::: THE DATA

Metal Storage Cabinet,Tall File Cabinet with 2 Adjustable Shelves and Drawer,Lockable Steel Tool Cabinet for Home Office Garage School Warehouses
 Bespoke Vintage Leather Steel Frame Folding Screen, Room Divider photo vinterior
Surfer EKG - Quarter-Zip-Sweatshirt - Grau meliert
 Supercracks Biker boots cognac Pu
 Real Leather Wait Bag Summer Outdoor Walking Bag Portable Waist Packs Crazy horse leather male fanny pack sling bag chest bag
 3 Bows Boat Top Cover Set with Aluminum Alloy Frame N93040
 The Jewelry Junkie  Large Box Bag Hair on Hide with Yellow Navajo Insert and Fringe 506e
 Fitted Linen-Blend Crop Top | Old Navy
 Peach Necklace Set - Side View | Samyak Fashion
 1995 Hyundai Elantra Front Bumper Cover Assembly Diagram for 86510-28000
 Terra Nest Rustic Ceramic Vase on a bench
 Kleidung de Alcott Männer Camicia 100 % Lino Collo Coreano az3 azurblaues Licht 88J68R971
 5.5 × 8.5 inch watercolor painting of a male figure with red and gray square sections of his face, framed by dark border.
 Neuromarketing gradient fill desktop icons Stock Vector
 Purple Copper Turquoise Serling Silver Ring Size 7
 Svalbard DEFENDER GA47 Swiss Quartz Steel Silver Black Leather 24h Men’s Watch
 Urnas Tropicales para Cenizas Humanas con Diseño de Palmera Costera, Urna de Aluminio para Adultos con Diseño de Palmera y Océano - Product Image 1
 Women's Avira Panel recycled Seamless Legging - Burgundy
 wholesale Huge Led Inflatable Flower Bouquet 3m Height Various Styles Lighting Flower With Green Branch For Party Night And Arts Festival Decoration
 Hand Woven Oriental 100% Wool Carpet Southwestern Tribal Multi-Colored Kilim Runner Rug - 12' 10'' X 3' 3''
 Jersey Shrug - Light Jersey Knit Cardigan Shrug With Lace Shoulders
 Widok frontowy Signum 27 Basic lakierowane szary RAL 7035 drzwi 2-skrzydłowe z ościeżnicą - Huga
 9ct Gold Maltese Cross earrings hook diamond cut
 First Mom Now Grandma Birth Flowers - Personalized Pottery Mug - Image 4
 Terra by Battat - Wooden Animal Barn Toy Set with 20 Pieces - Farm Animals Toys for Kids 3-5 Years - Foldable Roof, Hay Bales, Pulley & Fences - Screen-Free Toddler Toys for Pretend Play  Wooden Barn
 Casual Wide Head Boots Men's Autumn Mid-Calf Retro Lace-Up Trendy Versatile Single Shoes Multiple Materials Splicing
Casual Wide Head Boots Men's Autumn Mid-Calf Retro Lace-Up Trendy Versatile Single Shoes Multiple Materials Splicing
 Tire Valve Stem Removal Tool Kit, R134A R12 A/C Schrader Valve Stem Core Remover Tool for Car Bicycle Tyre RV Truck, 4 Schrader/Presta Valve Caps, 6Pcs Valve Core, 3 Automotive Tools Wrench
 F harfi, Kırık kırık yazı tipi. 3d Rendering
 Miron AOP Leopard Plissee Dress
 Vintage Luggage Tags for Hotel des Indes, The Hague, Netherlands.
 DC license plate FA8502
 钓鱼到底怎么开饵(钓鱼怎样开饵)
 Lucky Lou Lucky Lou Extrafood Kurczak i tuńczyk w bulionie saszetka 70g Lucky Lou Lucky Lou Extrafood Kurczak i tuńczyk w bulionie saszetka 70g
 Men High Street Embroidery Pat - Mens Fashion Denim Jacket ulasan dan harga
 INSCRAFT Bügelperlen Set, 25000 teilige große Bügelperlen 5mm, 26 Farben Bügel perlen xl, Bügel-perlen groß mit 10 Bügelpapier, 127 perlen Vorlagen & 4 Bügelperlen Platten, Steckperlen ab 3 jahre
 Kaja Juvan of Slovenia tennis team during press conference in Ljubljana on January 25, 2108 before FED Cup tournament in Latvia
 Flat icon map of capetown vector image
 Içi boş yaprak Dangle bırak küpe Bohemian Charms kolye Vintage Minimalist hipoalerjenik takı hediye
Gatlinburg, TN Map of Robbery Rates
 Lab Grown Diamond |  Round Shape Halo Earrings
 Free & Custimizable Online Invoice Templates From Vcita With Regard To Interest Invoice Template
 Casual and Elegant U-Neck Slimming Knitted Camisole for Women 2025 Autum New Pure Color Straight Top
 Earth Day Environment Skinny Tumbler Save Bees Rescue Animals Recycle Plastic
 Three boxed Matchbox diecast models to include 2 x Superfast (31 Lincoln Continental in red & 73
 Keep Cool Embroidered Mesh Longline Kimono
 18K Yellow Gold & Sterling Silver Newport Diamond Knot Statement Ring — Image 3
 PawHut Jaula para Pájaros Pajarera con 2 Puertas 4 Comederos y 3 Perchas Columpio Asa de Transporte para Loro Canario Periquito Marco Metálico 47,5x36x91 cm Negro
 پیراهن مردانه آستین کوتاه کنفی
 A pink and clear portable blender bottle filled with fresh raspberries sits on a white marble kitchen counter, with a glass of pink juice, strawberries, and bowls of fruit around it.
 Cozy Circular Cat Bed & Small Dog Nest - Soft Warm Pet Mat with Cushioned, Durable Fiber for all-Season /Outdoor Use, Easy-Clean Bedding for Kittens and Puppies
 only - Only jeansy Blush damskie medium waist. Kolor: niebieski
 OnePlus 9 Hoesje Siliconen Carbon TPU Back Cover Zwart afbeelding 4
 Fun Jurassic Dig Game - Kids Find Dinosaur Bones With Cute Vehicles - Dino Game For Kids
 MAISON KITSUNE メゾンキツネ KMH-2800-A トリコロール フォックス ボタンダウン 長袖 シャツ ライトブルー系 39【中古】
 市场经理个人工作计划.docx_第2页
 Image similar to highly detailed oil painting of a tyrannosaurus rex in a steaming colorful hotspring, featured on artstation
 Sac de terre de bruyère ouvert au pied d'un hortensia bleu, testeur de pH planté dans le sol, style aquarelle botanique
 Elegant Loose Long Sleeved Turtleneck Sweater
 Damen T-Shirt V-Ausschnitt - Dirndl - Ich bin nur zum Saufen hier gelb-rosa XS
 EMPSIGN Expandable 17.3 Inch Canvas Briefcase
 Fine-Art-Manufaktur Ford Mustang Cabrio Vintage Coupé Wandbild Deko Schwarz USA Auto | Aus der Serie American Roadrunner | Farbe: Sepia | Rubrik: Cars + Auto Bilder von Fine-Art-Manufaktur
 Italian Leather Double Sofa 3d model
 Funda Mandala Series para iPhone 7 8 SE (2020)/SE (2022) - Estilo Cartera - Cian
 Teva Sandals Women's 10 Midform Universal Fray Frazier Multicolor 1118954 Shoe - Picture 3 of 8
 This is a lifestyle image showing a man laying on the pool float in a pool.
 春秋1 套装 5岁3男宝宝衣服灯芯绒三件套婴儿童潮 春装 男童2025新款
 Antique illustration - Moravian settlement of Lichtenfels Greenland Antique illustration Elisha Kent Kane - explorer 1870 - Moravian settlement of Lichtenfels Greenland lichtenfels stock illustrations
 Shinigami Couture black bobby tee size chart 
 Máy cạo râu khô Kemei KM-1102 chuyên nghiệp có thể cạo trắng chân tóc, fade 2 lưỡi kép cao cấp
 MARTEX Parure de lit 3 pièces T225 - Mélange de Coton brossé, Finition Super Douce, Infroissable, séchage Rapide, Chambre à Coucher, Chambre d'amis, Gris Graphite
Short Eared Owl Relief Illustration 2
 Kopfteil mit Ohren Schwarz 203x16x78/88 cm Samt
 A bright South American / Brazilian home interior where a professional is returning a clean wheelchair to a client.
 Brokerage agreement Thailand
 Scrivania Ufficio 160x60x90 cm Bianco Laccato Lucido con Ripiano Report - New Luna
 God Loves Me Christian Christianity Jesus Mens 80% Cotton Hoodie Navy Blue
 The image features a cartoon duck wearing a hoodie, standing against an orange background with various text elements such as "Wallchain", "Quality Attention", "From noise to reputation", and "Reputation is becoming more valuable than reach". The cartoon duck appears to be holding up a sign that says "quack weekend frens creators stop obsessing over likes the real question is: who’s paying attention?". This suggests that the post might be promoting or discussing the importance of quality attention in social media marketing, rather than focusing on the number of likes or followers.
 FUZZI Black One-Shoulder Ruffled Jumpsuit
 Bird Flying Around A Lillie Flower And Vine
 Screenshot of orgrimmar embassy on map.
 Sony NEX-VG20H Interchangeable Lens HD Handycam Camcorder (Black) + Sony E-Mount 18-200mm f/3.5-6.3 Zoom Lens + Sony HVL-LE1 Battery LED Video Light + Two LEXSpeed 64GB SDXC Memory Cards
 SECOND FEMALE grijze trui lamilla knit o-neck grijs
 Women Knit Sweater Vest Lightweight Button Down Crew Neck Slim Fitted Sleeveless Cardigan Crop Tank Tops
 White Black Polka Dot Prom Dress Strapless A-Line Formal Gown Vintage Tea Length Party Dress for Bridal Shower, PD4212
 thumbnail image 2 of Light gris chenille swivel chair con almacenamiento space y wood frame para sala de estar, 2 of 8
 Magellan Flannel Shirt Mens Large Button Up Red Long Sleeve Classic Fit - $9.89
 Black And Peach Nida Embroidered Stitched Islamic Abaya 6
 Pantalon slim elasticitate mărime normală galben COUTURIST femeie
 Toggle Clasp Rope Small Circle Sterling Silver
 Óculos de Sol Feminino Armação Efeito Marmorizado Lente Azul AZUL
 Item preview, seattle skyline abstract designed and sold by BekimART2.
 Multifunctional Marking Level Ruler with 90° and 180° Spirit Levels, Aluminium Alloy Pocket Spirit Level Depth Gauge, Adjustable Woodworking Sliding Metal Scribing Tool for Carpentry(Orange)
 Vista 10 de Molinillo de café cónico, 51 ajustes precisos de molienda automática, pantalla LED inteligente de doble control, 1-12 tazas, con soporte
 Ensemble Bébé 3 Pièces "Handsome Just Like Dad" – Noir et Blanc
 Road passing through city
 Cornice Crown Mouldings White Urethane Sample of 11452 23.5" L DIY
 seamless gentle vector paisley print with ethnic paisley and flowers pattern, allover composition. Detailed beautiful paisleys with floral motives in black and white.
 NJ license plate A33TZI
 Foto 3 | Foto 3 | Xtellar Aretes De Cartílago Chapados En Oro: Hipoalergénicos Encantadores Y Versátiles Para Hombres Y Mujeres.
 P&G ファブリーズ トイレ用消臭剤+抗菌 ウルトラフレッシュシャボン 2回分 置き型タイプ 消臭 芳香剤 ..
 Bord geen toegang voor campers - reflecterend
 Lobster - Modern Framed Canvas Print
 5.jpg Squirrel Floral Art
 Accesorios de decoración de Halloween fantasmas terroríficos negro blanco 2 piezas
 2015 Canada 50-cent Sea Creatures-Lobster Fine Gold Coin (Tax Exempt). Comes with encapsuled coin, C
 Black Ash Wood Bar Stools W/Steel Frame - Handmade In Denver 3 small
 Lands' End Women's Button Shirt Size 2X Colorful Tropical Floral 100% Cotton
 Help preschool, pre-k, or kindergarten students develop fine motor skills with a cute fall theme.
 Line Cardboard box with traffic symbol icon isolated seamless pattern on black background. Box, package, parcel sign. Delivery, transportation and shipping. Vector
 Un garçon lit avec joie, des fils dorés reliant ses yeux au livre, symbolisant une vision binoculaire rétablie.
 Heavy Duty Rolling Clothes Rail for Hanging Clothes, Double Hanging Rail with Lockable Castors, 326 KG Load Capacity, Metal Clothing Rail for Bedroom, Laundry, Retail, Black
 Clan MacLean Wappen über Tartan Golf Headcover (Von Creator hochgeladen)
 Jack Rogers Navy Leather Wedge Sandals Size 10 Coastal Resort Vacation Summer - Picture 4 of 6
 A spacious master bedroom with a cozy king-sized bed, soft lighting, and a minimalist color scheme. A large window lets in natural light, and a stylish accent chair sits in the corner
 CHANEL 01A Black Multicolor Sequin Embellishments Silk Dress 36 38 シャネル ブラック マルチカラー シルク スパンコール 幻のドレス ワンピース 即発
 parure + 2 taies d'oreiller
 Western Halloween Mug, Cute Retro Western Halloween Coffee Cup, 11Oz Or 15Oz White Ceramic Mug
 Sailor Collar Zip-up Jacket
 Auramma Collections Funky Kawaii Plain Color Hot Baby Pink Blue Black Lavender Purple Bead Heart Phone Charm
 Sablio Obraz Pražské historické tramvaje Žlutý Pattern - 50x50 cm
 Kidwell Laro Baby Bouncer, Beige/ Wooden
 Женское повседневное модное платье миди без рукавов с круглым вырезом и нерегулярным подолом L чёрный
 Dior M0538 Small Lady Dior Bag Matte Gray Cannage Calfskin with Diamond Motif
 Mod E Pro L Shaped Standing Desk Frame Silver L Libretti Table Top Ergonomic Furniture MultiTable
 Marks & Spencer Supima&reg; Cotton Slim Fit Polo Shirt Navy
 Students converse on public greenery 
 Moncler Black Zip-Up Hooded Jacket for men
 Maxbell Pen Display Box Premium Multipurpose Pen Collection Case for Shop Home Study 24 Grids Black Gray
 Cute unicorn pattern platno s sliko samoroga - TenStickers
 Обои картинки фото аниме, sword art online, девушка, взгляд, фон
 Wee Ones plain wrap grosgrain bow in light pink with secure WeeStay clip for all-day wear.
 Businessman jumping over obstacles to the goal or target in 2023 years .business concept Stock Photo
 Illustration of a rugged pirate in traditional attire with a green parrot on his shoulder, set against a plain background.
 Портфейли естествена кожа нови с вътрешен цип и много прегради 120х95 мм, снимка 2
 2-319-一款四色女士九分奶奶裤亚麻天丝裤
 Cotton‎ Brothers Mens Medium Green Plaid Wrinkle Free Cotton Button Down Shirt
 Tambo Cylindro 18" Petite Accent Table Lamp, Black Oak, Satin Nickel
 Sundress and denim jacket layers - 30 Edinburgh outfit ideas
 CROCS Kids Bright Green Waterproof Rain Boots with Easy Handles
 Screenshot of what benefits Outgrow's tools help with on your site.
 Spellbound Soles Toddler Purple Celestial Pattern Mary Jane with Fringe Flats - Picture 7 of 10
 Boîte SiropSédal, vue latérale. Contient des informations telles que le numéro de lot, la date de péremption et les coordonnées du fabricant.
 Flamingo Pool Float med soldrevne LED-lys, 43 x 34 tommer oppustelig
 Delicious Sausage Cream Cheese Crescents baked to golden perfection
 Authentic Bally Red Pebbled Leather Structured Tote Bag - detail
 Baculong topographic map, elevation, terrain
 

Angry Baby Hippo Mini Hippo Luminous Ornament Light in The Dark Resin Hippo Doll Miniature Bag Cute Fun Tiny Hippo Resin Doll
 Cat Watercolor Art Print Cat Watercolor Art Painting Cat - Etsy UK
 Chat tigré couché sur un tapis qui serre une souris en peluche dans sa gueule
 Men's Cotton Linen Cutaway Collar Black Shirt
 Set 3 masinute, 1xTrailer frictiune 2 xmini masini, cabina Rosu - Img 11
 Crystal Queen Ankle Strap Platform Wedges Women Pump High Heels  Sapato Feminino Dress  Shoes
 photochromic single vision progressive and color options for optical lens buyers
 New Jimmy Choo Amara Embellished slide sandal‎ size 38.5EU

::::::

» **ABOUT THIS EXERCISE**
Would you copy, unchanged, the stretch of the records above that begins at the line containing "The image features" and ends at the line containing "Black And Peach", and only that?

» **EXERCISE SOLUTION**
 The image features a cartoon duck wearing a hoodie, standing against an orange background with various text elements such as "Wallchain", "Quality Attention", "From noise to reputation", and "Reputation is becoming more valuable than reach". The cartoon duck appears to be holding up a sign that says "quack weekend frens creators stop obsessing over likes the real question is: who’s paying attention?". This suggests that the post might be promoting or discussing the importance of quality attention in social media marketing, rather than focusing on the number of likes or followers.
 FUZZI Black One-Shoulder Ruffled Jumpsuit
 Bird Flying Around A Lillie Flower And Vine
 Screenshot of orgrimmar embassy on map.
 Sony NEX-VG20H Interchangeable Lens HD Handycam Camcorder (Black) + Sony E-Mount 18-200mm f/3.5-6.3 Zoom Lens + Sony HVL-LE1 Battery LED Video Light + Two LEXSpeed 64GB SDXC Memory Cards
 SECOND FEMALE grijze trui lamilla knit o-neck grijs
 Women Knit Sweater Vest Lightweight Button Down Crew Neck Slim Fitted Sleeveless Cardigan Crop Tank Tops
 White Black Polka Dot Prom Dress Strapless A-Line Formal Gown Vintage Tea Length Party Dress for Bridal Shower, PD4212
 thumbnail image 2 of Light gris chenille swivel chair con almacenamiento space y wood frame para sala de estar, 2 of 8
 Magellan Flannel Shirt Mens Large Button Up Red Long Sleeve Classic Fit - $9.89
 Black And Peach Nida Embroidered Stitched Islamic Abaya 6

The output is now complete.